A driver who crashed his pickup truck into a July Fourth barbecue and killed four people was convicted Monday of murder in the 2024 wreck in a New York City park. A Manhattan judge delivered the verdict in Daniel Hyden's trial, where victims' relatives, survivors and witnesses described how a holiday gathering of friends and relatives suddenly became a horrific scene when the truck jumped a curb, tore through a chain-link fence, and barreled into the group, the AP reports. Ana Morel, 43; Emily Ruiz, 30; Lucille Pinkney, 59; and a nephew, Herman Pinkney, 38, were killed in the crash in Corlears Hook Park on Manhattan's Lower East Side. Hyden, a self-described substance abuse counselor, could face 25 years to life when he is sentenced next month, reports the New York Times.

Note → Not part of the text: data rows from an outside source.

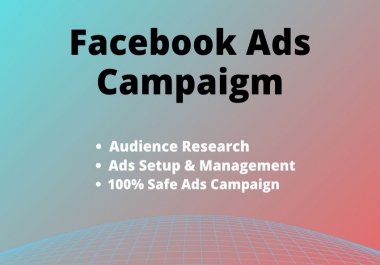 I will be your Facebook ads campaign manager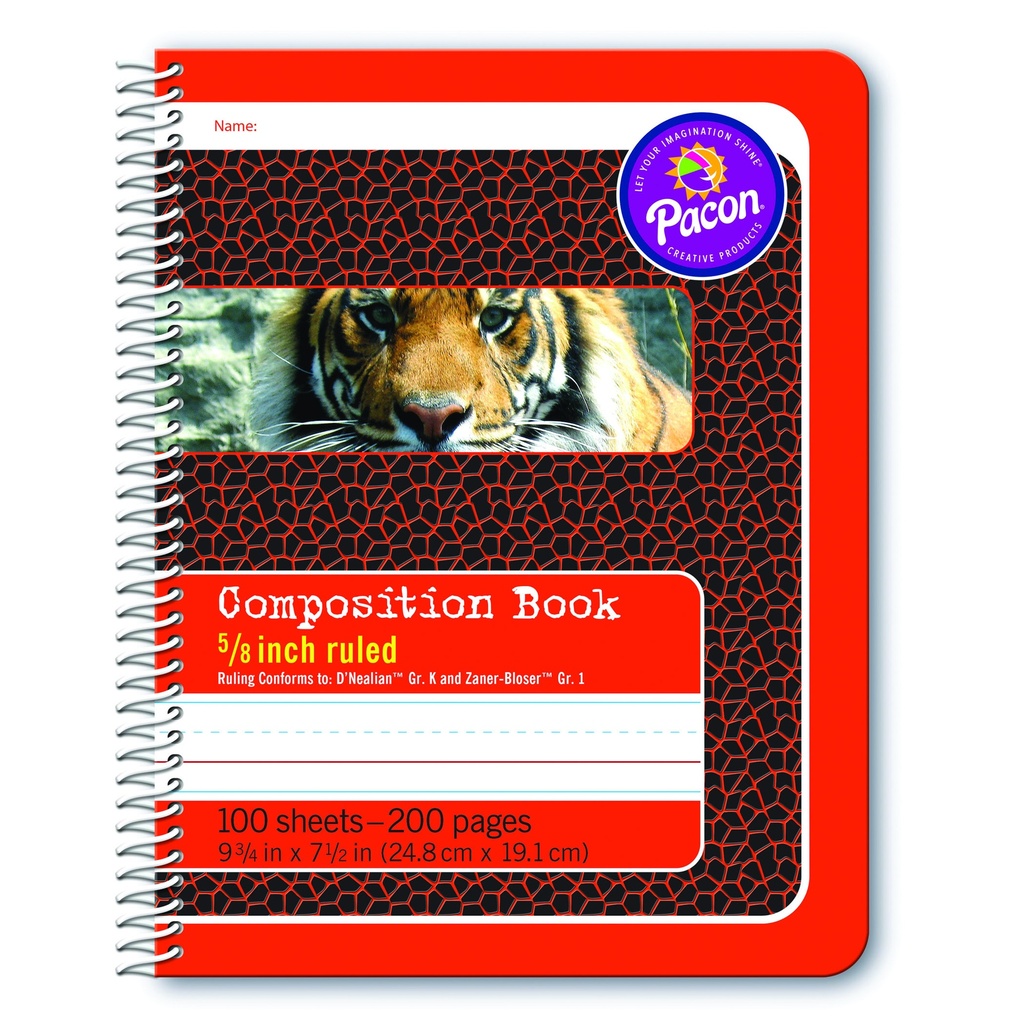 Primary Composition Book, Spiral, 9‑3/4" × 7‑1/2", 100 Sheets, 5/8" Rule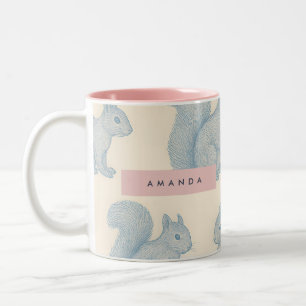 Tasse 2 Couleurs Motif Écureuil Élégant Personnalisé Charmeur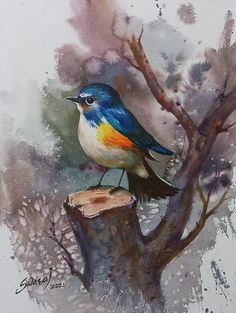 a watercolor painting of a bird perched on a tree stump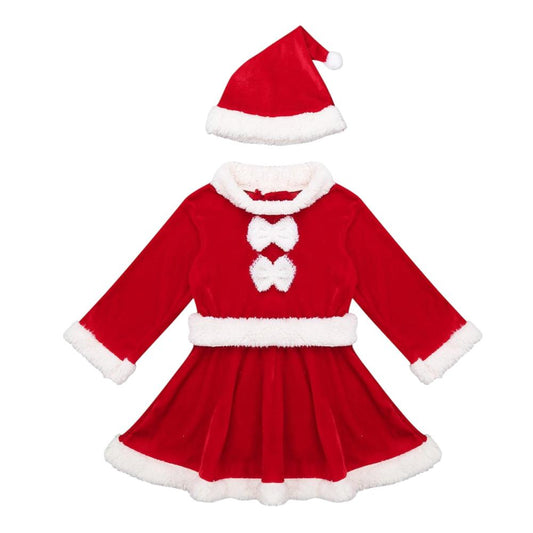 Santa Claus Costume with Hat for Baby Girls 1-4 Years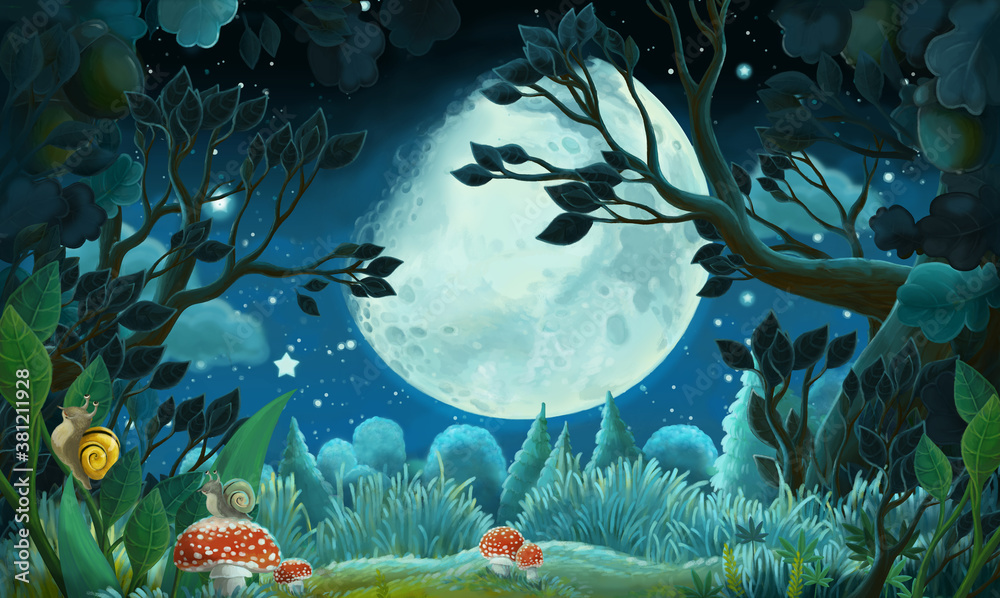 cartoon scene with forest by night - illustration for kids Stock ...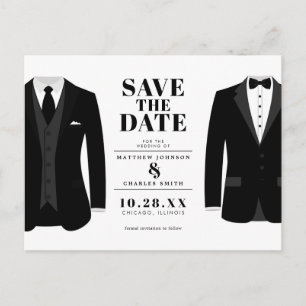 Cartão Postal Sr. & Mr. Modern Black Wedding Tux - Salvar a Data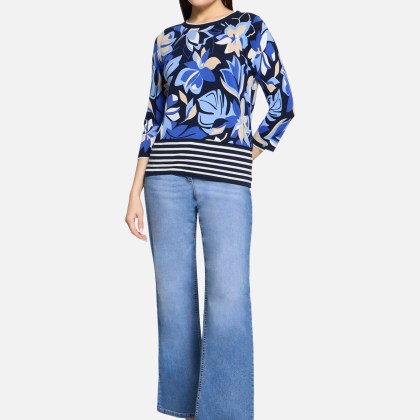 Feinstrickpullover mit Blumenprint – Bild 2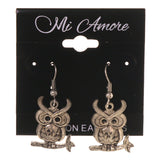 Owl Theme Metal Dangle-Earrings Silver-Tone #LQE3152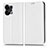 Leather Case Stands Flip Cover Holder C03X for Oppo Reno8 Pro+ Plus 5G White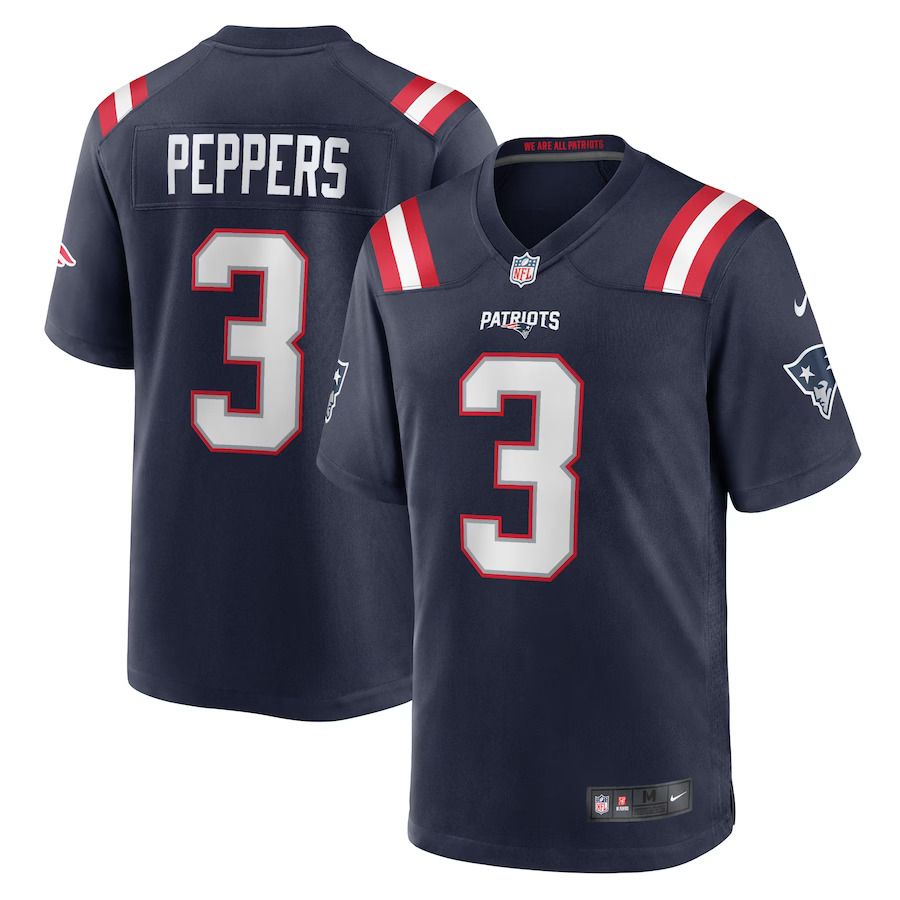 Men New England Patriots 3 Jabrill Peppers Nike Navy Game NFL Jersey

                                    
                                    
                                
                                
                             
                            
                            
                            
                            
                            
                                
                                
                                    
                                        
 "These individuals tragically died because of Mr. Hyden's irresponsible, callous, criminal actions," Manhattan District Attorney Alvin Bragg told reporters after the verdict. Seven other crash victims suffered injuries that still afflict many of them, he said. Hyden, 46, of Monmouth, New Jersey, was also convicted of assault and aggravated vehicular homicide, Bragg's office said.

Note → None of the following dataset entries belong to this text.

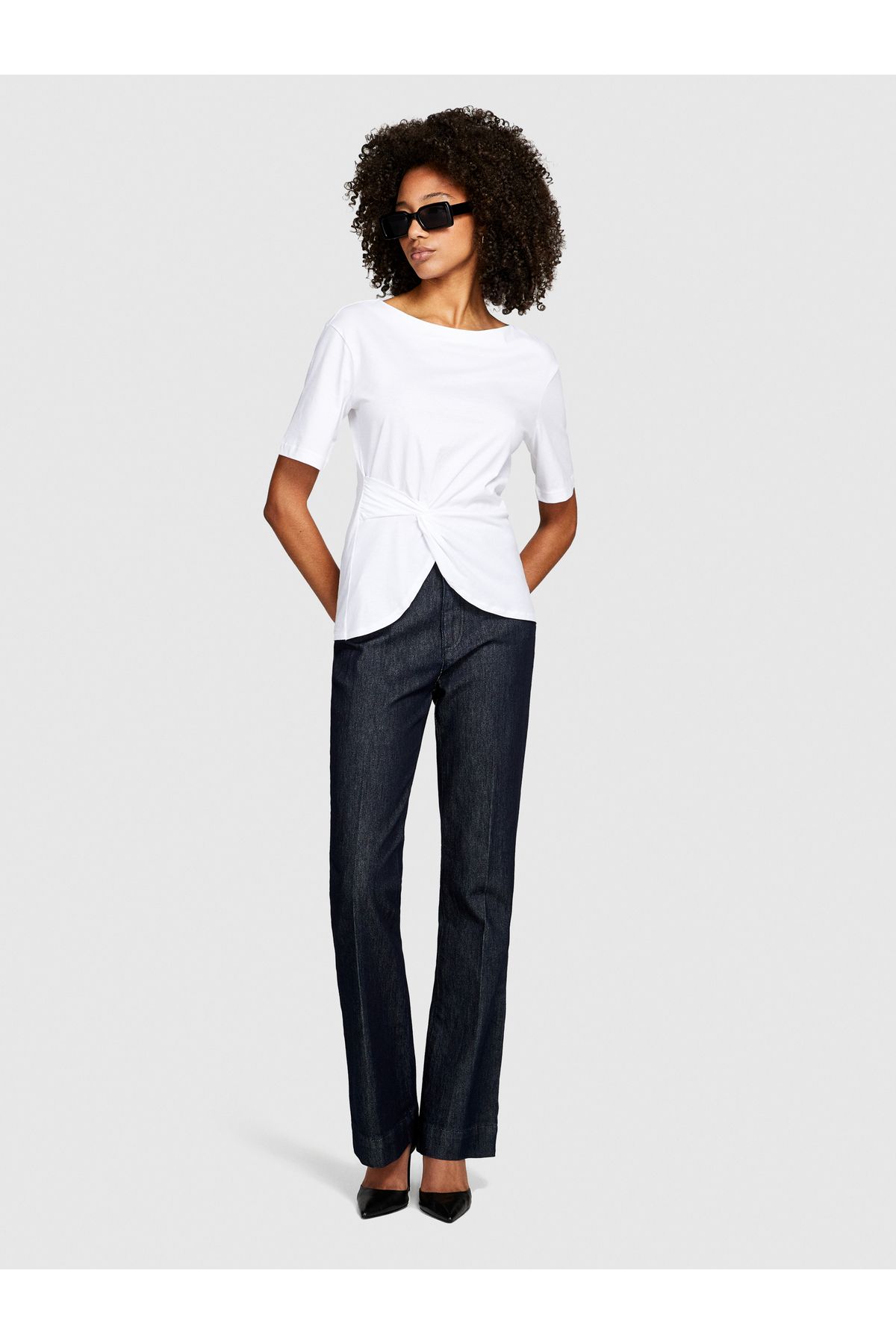 Sisley Kadın Beyaz %100 Koton Slim Fit Büzgülü T-Shirt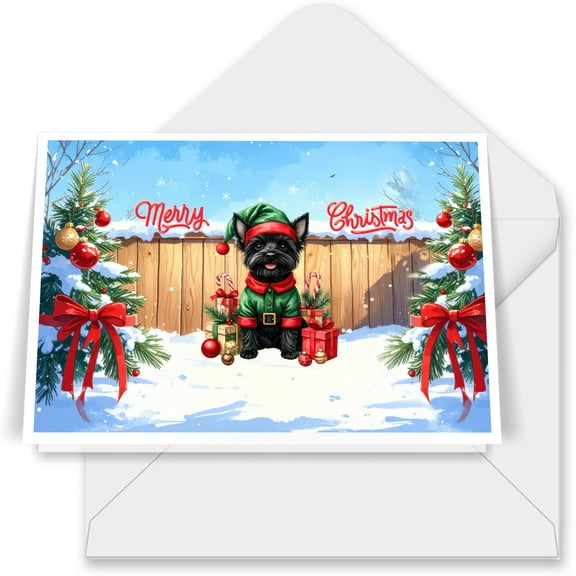 Merry Christmas Woofmas Xmas Noel Cairn Terrier Elf Candy Cane Snow 7x5in Folded Greeting Card Cairns Dog Lover Single Note Card with Envelope - 13017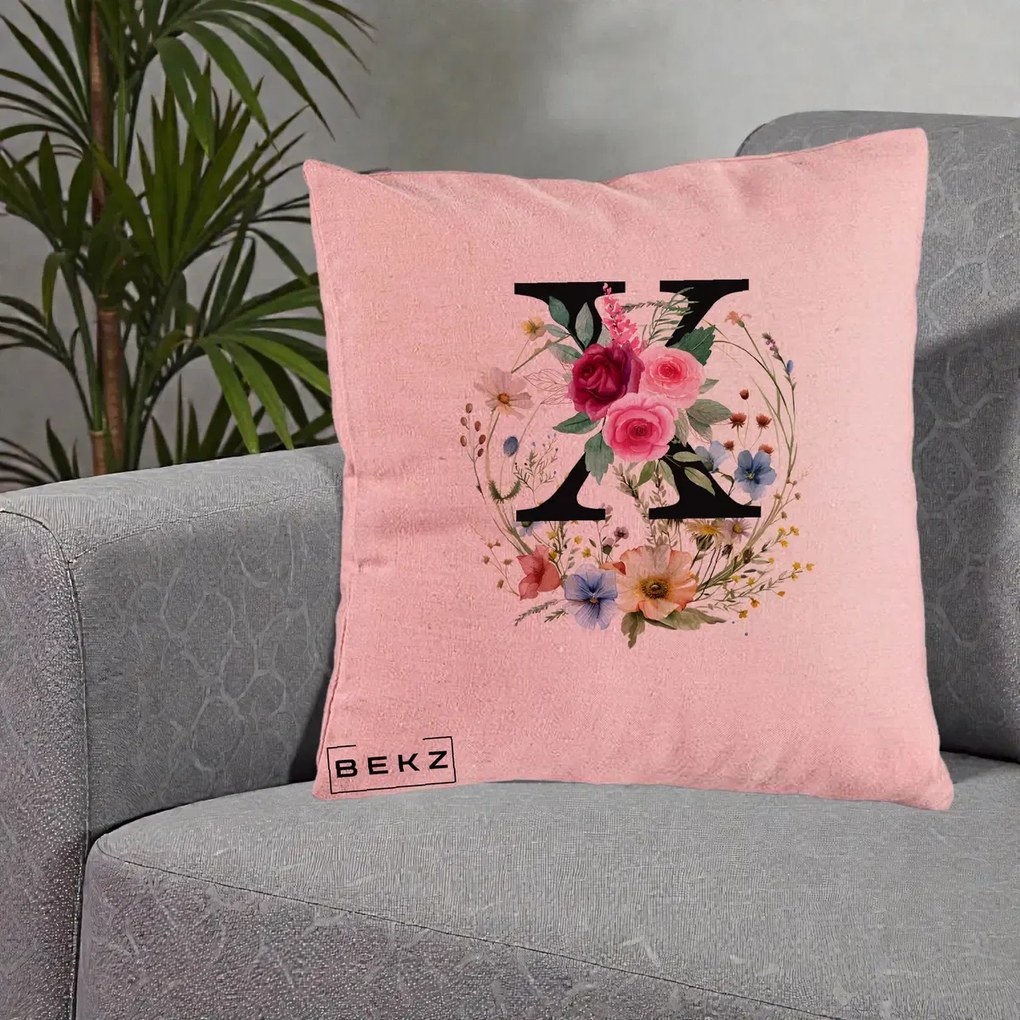 Cadou Personalizat - Perna Personalizata Monograma Florala Litera X cu Coroana, 40x40 cm, Roz, Husa Detasabila, Perna Inclusa, BEKZ®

  -  Less than an hour before the wreck, Hyden was refused entry to a nearby party boat and clashed with security, according to testimony from police who responded to the boat scuffle. The officers testified that they didn't witness anything warranting an arrest at that point, so they walked him to a park bench and departed. He subsequently got behind the wheel of a Ford F-150.
  -  Prosecutors argued that Hyden—who wrote a 2020 book about coping with addiction—was drunk, was speeding and didn't hit the brakes until half a second before he hit the crowd, trapping four people beneath the truck. "Even after he hit 11 people, he was still revving the engine," Bragg said, per the Times. "The car only stops because it was on top of human beings."
  -  Prosecutors said he then tried to put the vehicle in reverse, but witnesses grabbed the keys to stop him. Hyden's lawyer suggested that the man had a foot injury that complicated his driving.
  -  During the two-week nonjury trial, prosecutor Matthew Bogdanos read a passage from Hyden's book to show that he knew the risks of drinking and driving. Hyden wrote that he "was a real danger to others and myself when I was on the road intoxicated."